Eyeball accuracy isn't good enough for precision parts:
There was a time when measurement accuracy was pretty much limited to the resolution of the human eye (finest practical scale markings = 1/100 inch.) Somewhat finer measurements could be made using a magnifying glass, but the method was unreliable for various reasons. This limited the precision of scientific instruments and prevented the blessings of an industrial economy from coming to pass. Some inexpensive, reliable method was needed of making measurements ten times finer than could be done by eyeball accuracy.

A French scientist named Pierre Vernier (1584-1638) noticed a common phenomenon - interference patterns - and adapted it to the creation of an astoundingly useful measuring device. Interference patterns occur often in nature, such as waves of different frequency passing one another on the surface on a lake. Vernier realized an artificial interference pattern could be used in a novel way to make accurate measurements.

Few people are aware of inventions that underlie other inventions - or that underlie our entire industrial/technical culture. The Vernier scale is one such invention. Vernier's concept leveraged eyeball-accuracy to a much greater precision. It allowed the manufacture of precision scientific instruments, accurately sized standard parts, and land surveying to unheard levels of exactitude. The scientific enlightenment and the industrial revolution that followed both profited from the use of this invention.

The Vernier scale is a displacement multiplier. Essentially it works by interference in two slightly dissimilar scales. As one scale moves along the other, the point of exact alignment between them moves very much faster than the scales themselves. You can use a crude Vernier device to make a better one, ratcheting up the precision in a reversal of the usual degradation of scale-copying to almost the limit of the material and design (about 1/1,000 inch). Vernier made this level of measuring precision feasible in the 1700's.

Vernier made accurate measurement simple, then another inventor's creation made it cheap. Joseph Rogers Brown devised an extremely accurate linear dividing engine. By 1850, Brown's machine made Vernier scale instruments inexpensive enough for every machinist and mechanic to have them. (The same machine was later used to produce accurate slide rules, which greatly assisted the art of engineering computation.)

Eventually other precision measuring methods were invented (their prototypes developed and certified using the Vernier device] but none so inexpensive and common as the Vernier. Machinists everywhere became expert at reading the Vernier scale. It became simple and quite expedient for all manufactured goods to be made of standard parts - a boon to industrial culture.

Modern ultra-high-precision methods of measurement use the same principle. The curvature of a telescope mirror is measured by the interference of direct versus reflected light of a given wavelength. Simply imagine a Vernier caliper with scribed lines a few angstroms apart to get the idea - and the resulting degree of precision is expressed in wavelength: "This mirror is ground accurate to 1/4 wave."

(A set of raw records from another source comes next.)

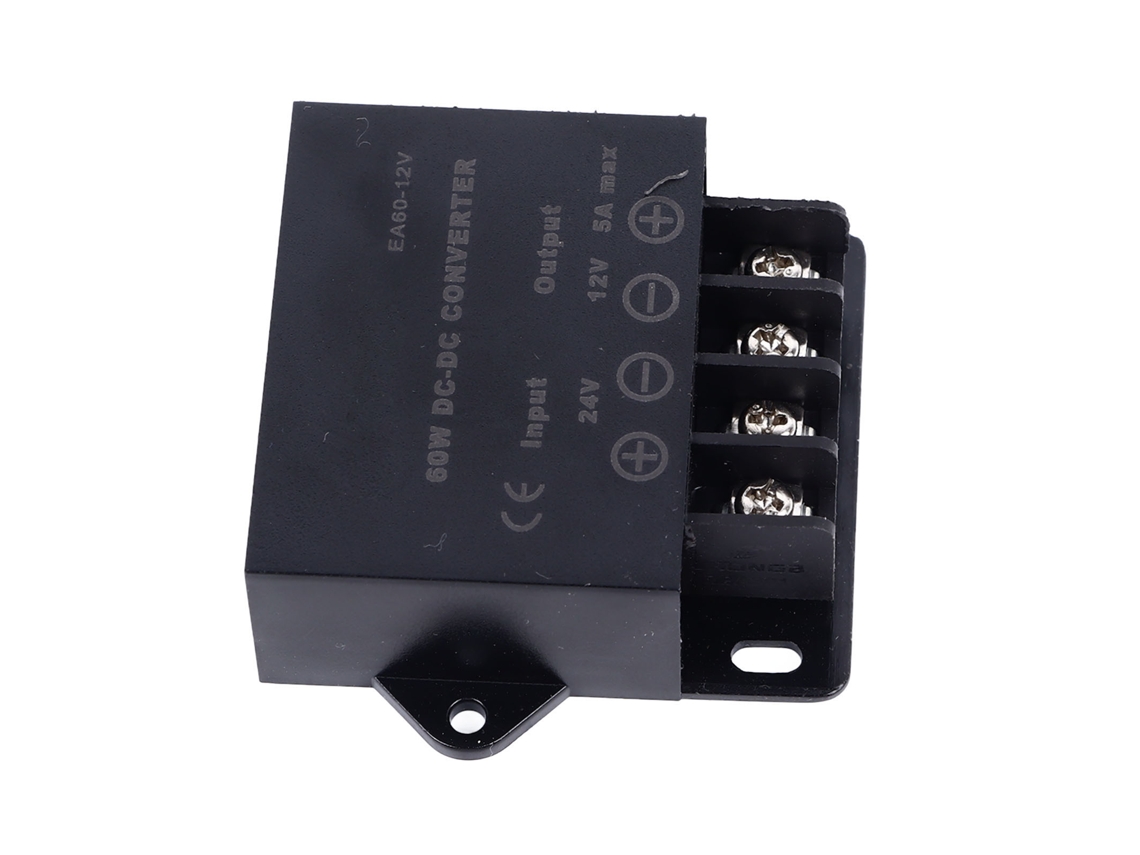 Laxiscreed Conversor De Tensão Dc 24v Para 12v Com Regulação, Ideal Para Dispositivos De Veículos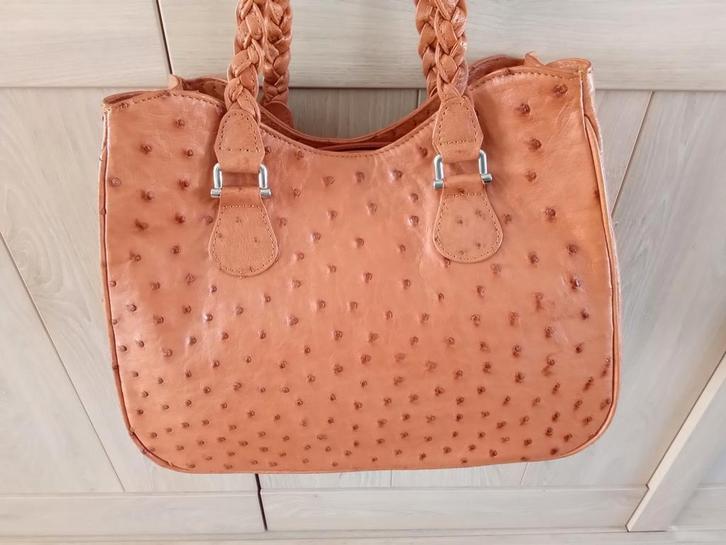 Sac à main en cuir d'autruche, Bijoux, Sacs & Beauté, Sacs | Sacs Femme, Neuf, Sac à main, Enlèvement ou Envoi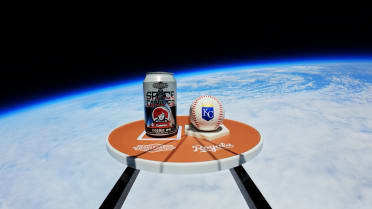 The Royals send beer and baseball to space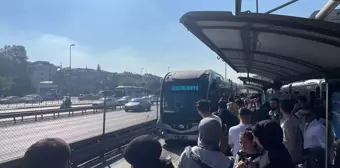 Beylikdüzü-Zincirlikuyu Metrobüs Seferlerinde Aksama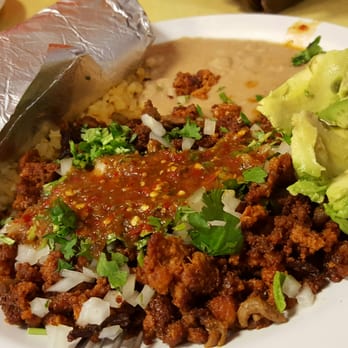La Fortuna Bakery - Combination Plate with Chorizo. Very flavorful meat and delicious rice. - Bakeries Near Me - Williams, California La Fortuna Bakery - Combination Plate with Chorizo. Very flavorful meat and delicious rice. - Bakeries Near Me - Williams, California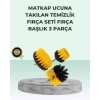 BFS Matkap Uyumlu Temizlik Fırçası Seti 3’lü Çok Amaçlı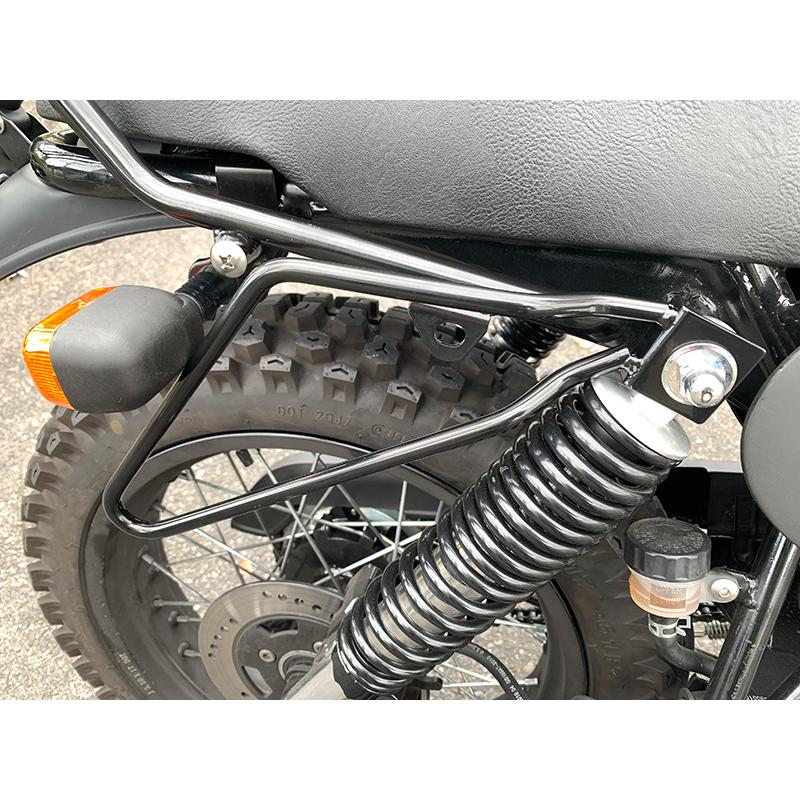 AJS スクランブラー用リアサイドバッグサポート : アローズショップ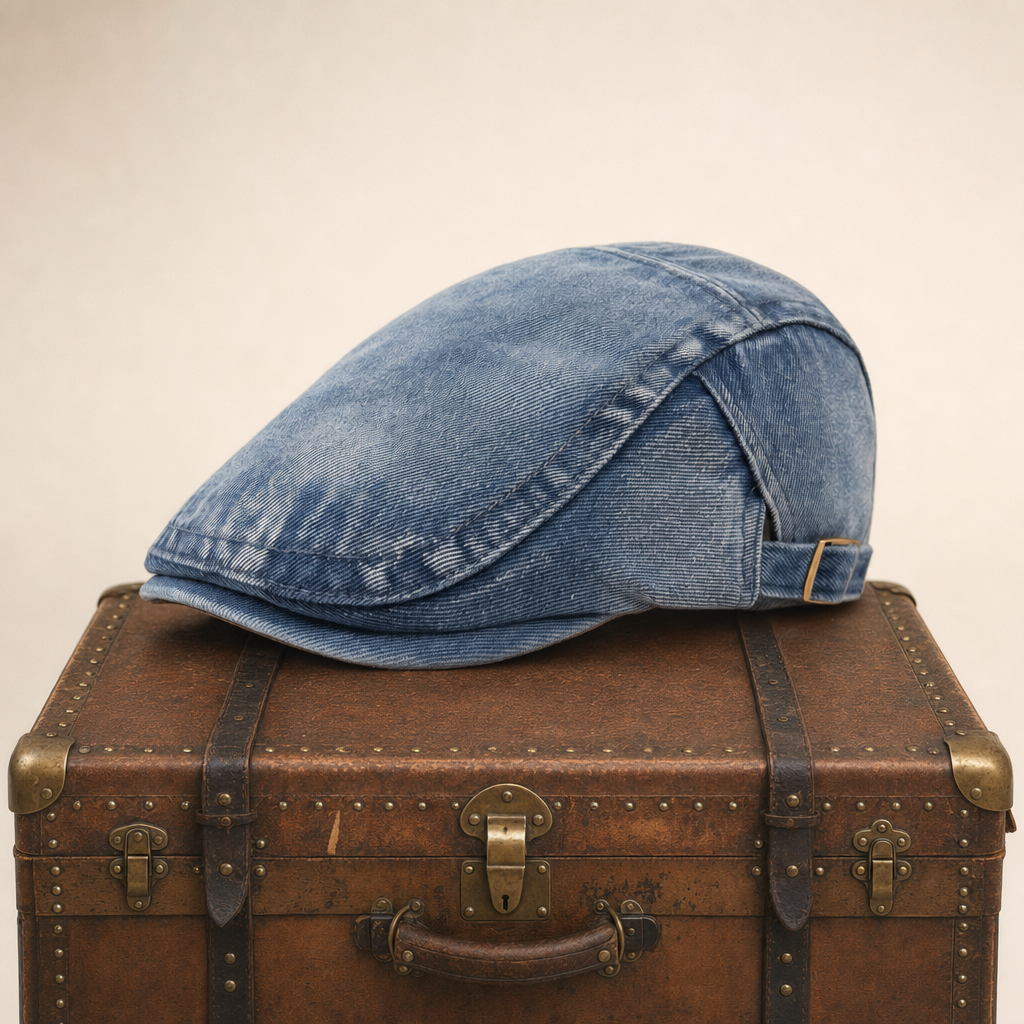 Stonewash Denim Cap — BALLYBUNION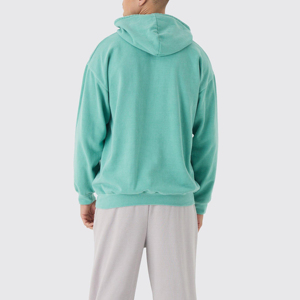 Sudaderas con capucha para hombre Heavyweight 420 Gsm Acid Wash 100% poliéster de gran tamaño en blanco Color personalizado invierno ecológico secado rápido OEM - Product Image 2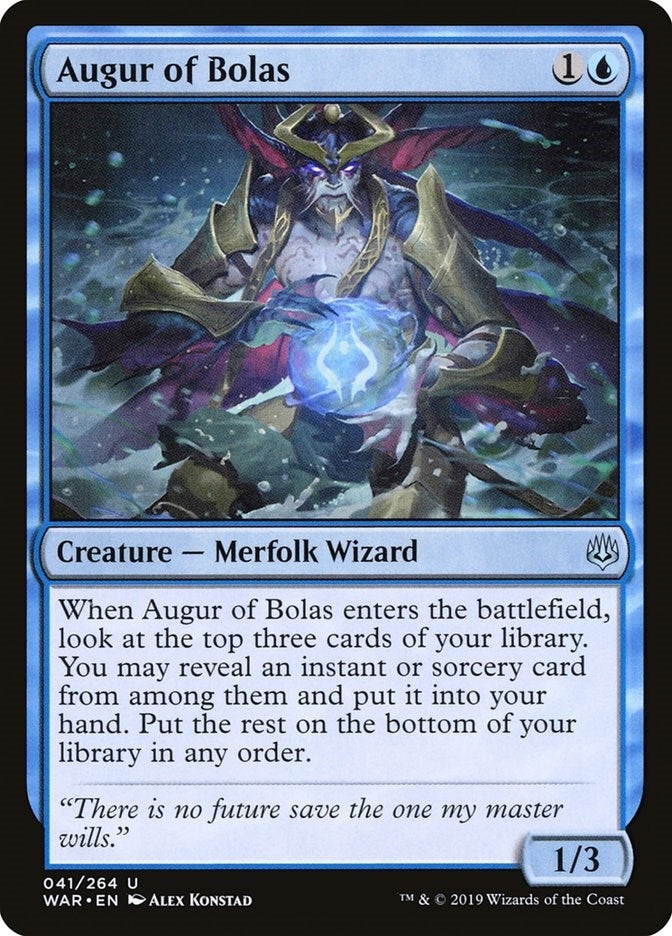 Image for Augur of Bolas (41) [War of the Spark]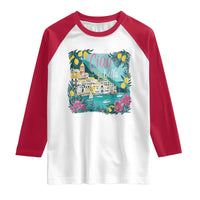 Ciao Bella Italy Amalfi Coast Raglan Shirt Lemons and Florals Nostalgic Village - Wonder Print Shop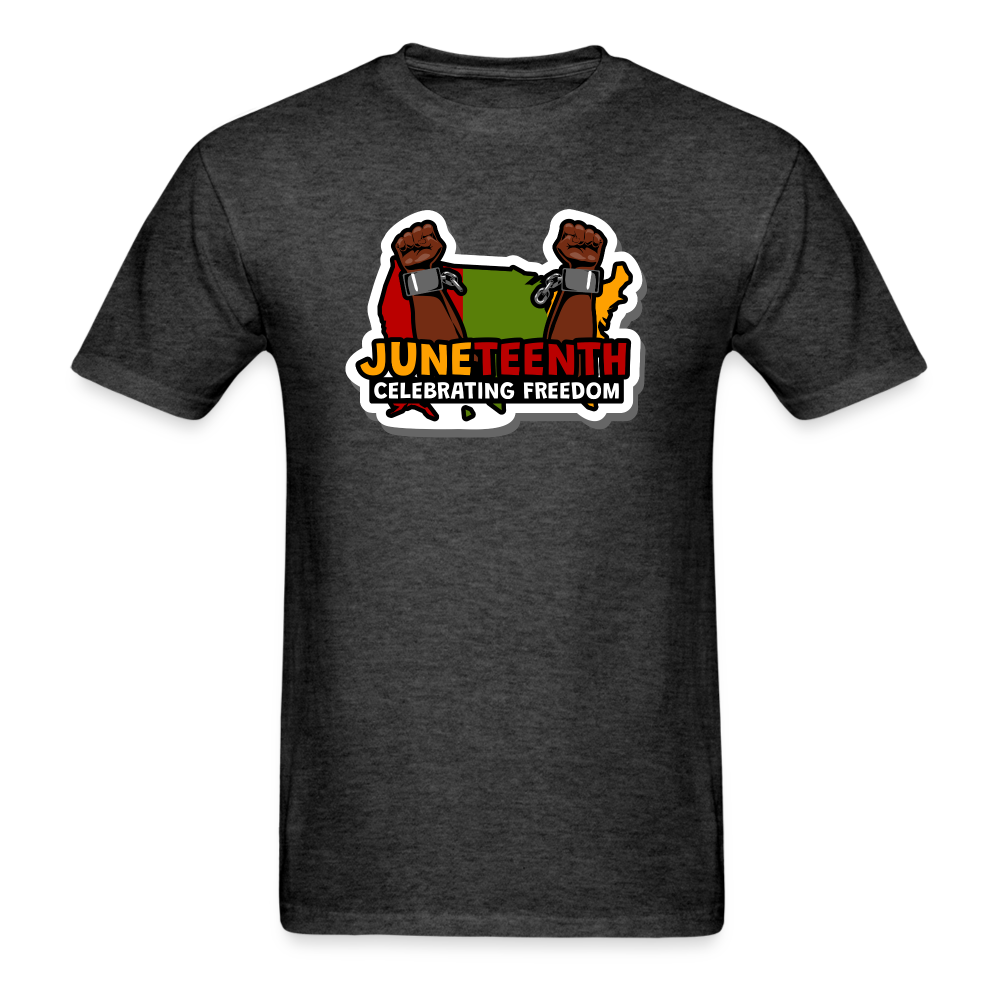 Juneteenth Celebrating Freedom T-Shirt - heather black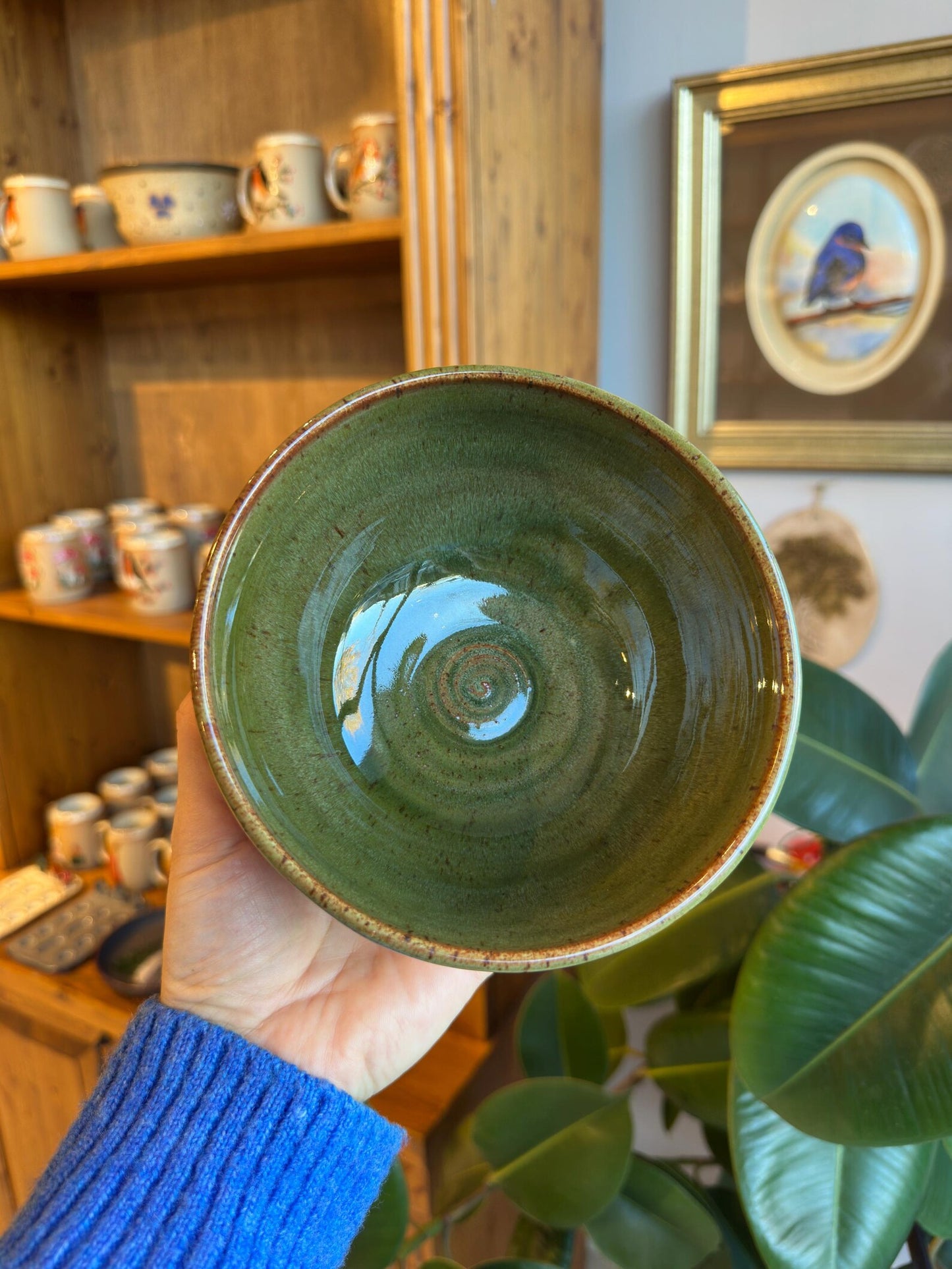 Stoneware Bowl – Red Toadstool Mushroom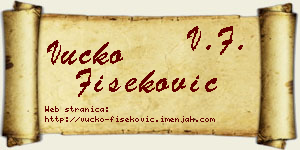 Vučko Fišeković vizit kartica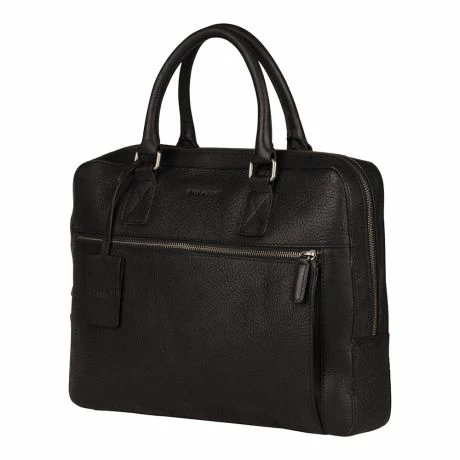Burkely Antique Avery Laptopbag 13.3" Black 4 Burkely Antique Avery Laptopbag 13.3" Black - Afbeelding 2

Such precision makes possible the construction of atomic clocks that enable GPS navigation, with its enormous (and still growing) economic effect. Semiconductor device manufacture would be impossible without ultra-precise optical frequency scale-interference measurement. Vernier came upon a principle in measurement that is still in use today. It is safe to say he would have been astounded at the ways his work is applied.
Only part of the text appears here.